Supplied entries:
======

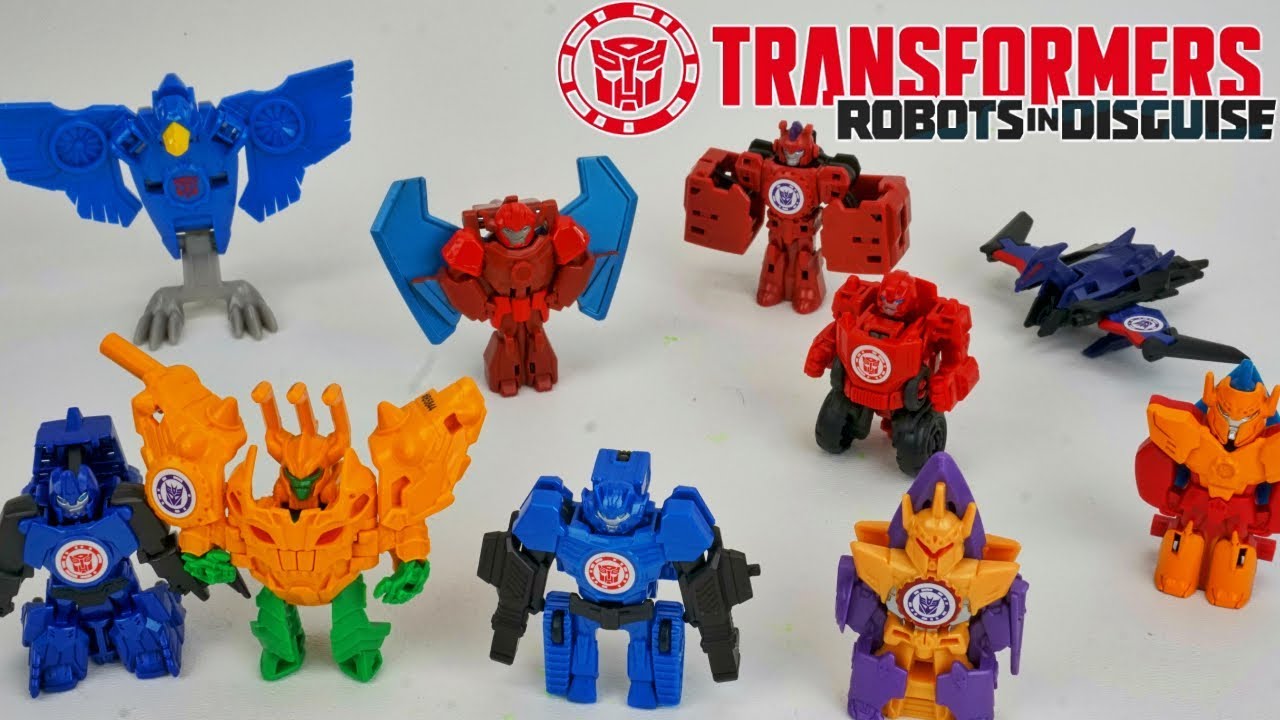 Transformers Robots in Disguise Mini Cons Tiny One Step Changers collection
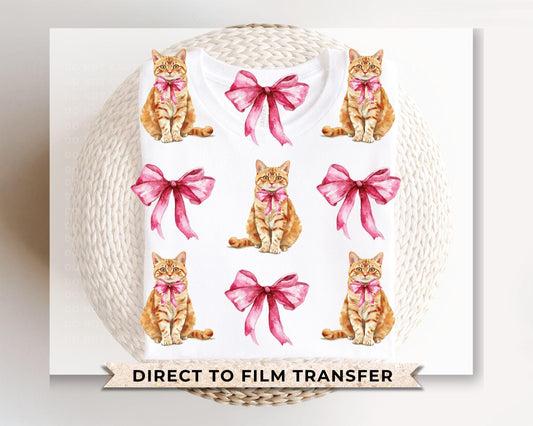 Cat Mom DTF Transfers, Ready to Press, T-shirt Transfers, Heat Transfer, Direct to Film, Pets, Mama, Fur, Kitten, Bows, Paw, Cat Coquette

======

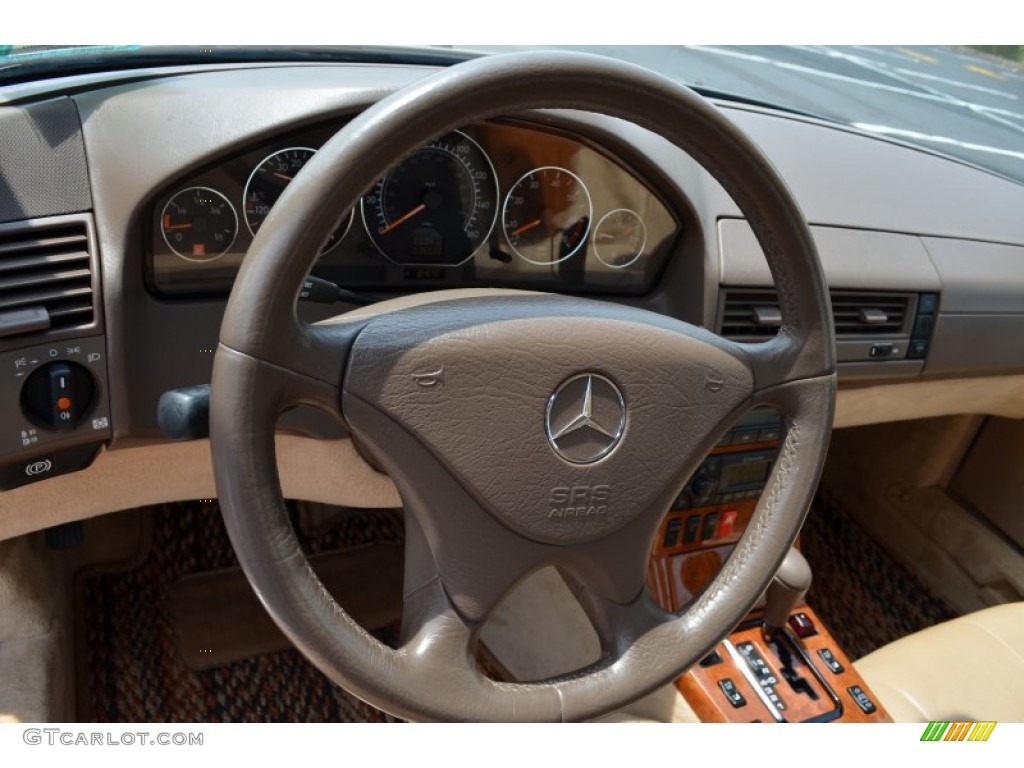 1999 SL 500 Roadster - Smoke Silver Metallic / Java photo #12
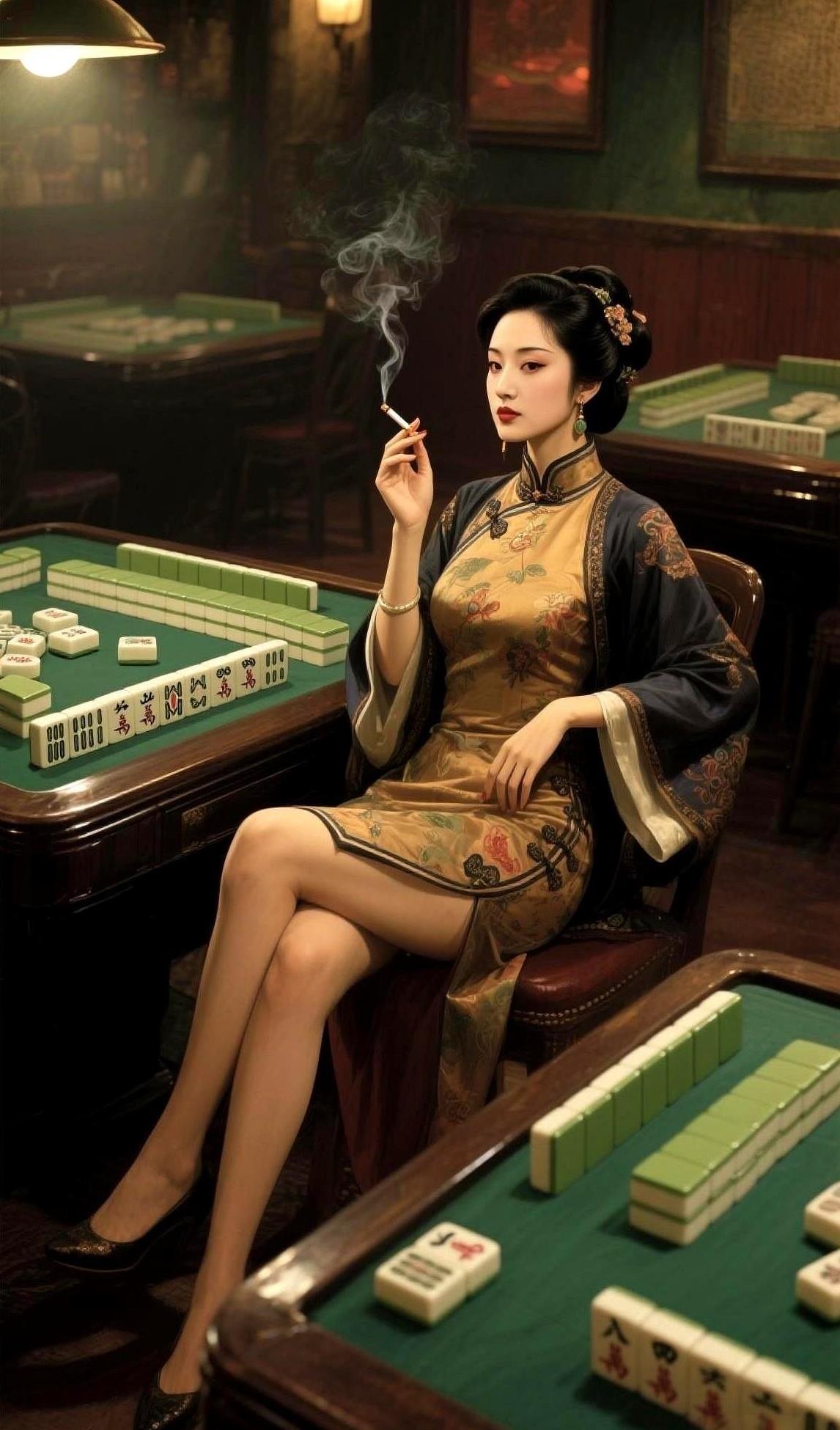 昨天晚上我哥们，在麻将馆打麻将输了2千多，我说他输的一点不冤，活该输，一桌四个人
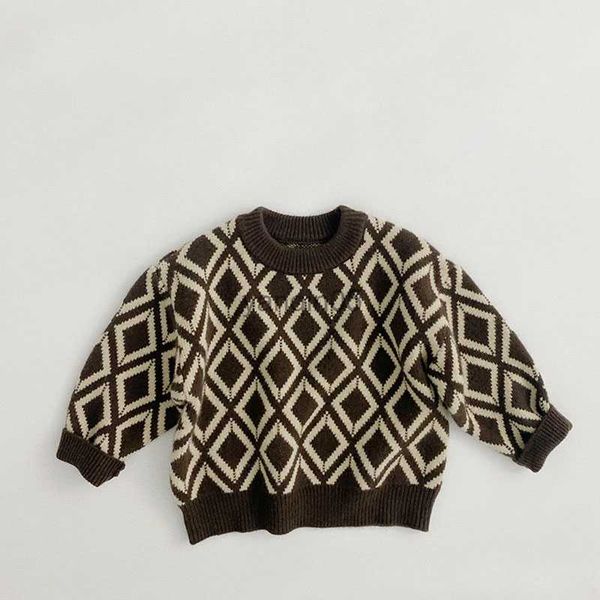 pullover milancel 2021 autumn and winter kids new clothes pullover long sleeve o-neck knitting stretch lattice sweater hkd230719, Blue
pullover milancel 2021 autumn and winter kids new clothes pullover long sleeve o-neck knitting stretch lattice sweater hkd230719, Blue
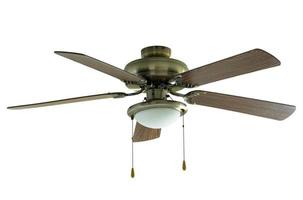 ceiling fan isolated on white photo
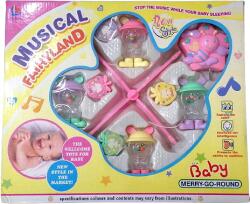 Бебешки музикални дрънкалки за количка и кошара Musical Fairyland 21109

======

What you need to do:
Reproduce the entries exactly, from the line with "1999 SL 500" to the line with "Бебешки музикални дрънкалки", both lines included, keeping no pictures.

The completed task:
 1999 SL 500 Roadster - Smoke Silver Metallic / Java photo #12
 昨天晚上我哥们，在麻将馆打麻将输了2千多，我说他输的一点不冤，活该输，一桌四个人
 pullover milancel 2021 autumn and winter kids new clothes pullover long sleeve o-neck knitting stretch lattice sweater hkd230719, Blue
pullover milancel 2021 autumn and winter kids new clothes pullover long sleeve o-neck knitting stretch lattice sweater hkd230719, Blue
 ceiling fan isolated on white photo
 Бебешки музикални дрънкалки за количка и кошара Musical Fairyland 21109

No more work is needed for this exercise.